Government estimates the lottery, in its current form and later supplemented by a scratch card game, will raise R50bn over seven years. Of that, half will be spent on prize money, 30% will go to good causes and 20% to overheads and profit.

In the profit stakes, lottery operator Uthingo Management (Pty) Ltd is half-held by private shareholders, 30% ``industry shareholders'' (such as Tattersalls) and 20% by the State.

Given the exclusiveness of the business thanks to legislation, and regulatory powers granted to Trade & Industry Minister Alec Erwin through the Lotteries Act, its position is secure from competition.

This will be detrimental to competitors (such as scratch card operators outside of the Uthingo charmed circle), consumer choice, worthy causes that rely on competitions to raise funds and the marketing industry.

Uthingo's local shareholders hold 80% of its board seats.
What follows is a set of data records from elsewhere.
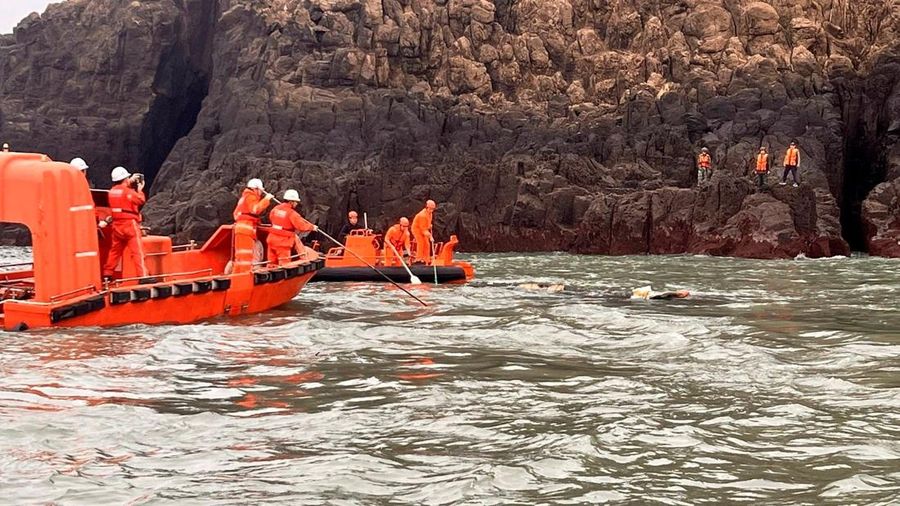 Anggota penjaga pantai Taiwan bekerja selama operasi penyelamatan setelah kapal nelayan Tiongkok terbalik di dekat kepulauan Kinmen yang dikuasai Taiwan, di lepas pantai Pulau Dongding, Kabupaten Kinmen, Taiwan, dalam gambar selebaran yang dirilis pada 14 Maret 2024. (Taiwan Coast Guard/Handout via REUTERS)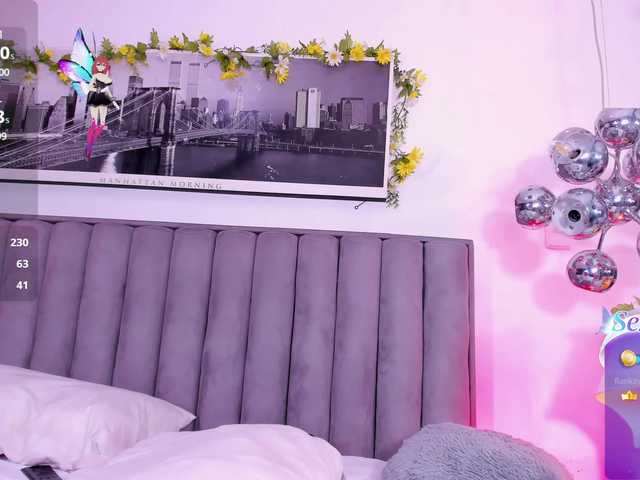 Live sex webcam photo for MandyWester #290872996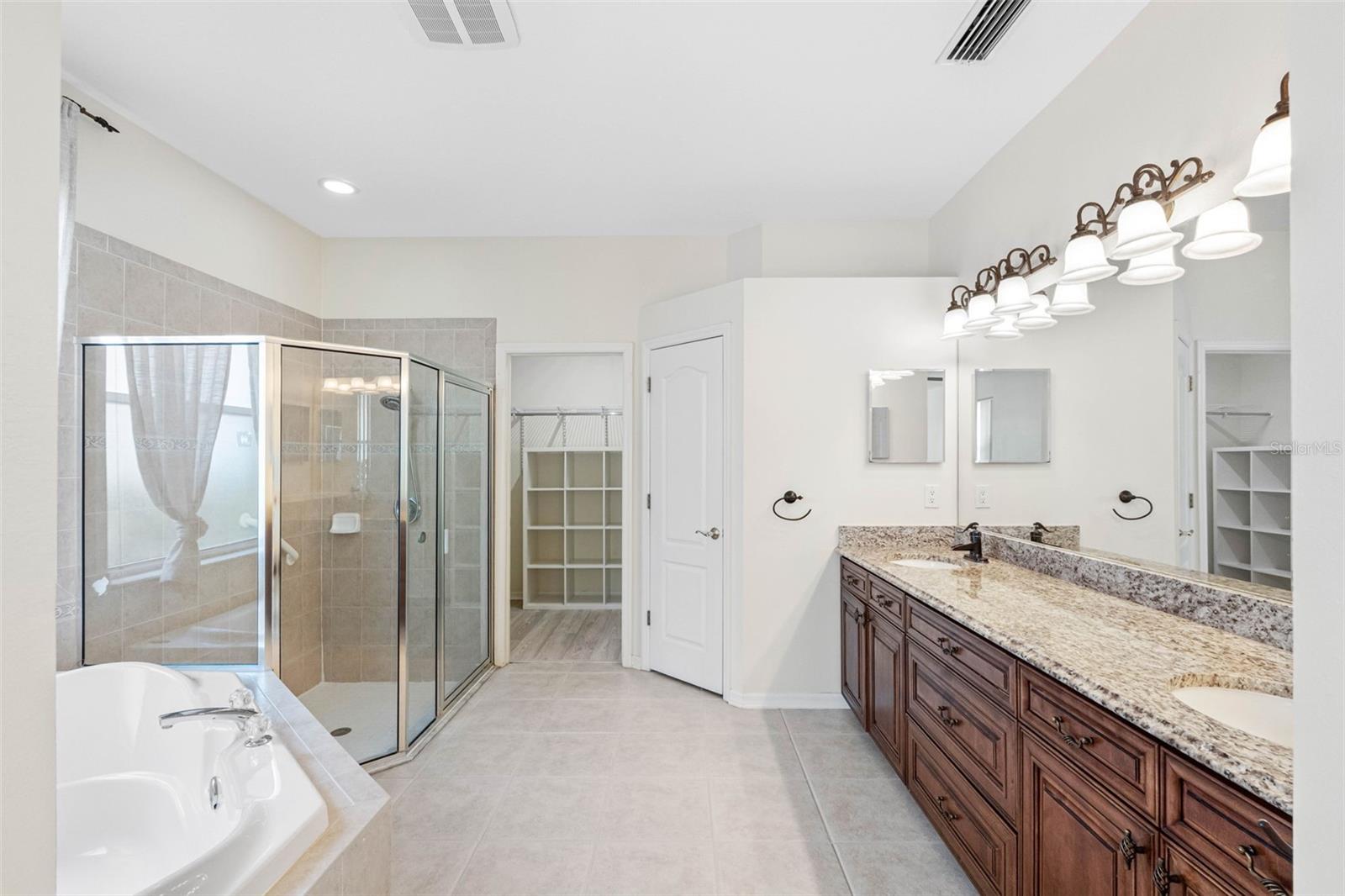 21107 BIRCHOLM CT, LAND O LAKES, FL, 34637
In the logic of ``empowerment'', the lucky ones are the:

Black Management Forum;

Disability Employment Concerns Trust;

Motswedi Technology Group;

Nafcoc Investment Holdings;

Numsa Investment Holdings; and

A women's entrepreneurship group.

Uthingo intends to apply a strong affirmative action policy within the organisation and in choosing suppliers -- who will have to achieve ``employment equity within a reasonable period'' to keep the business.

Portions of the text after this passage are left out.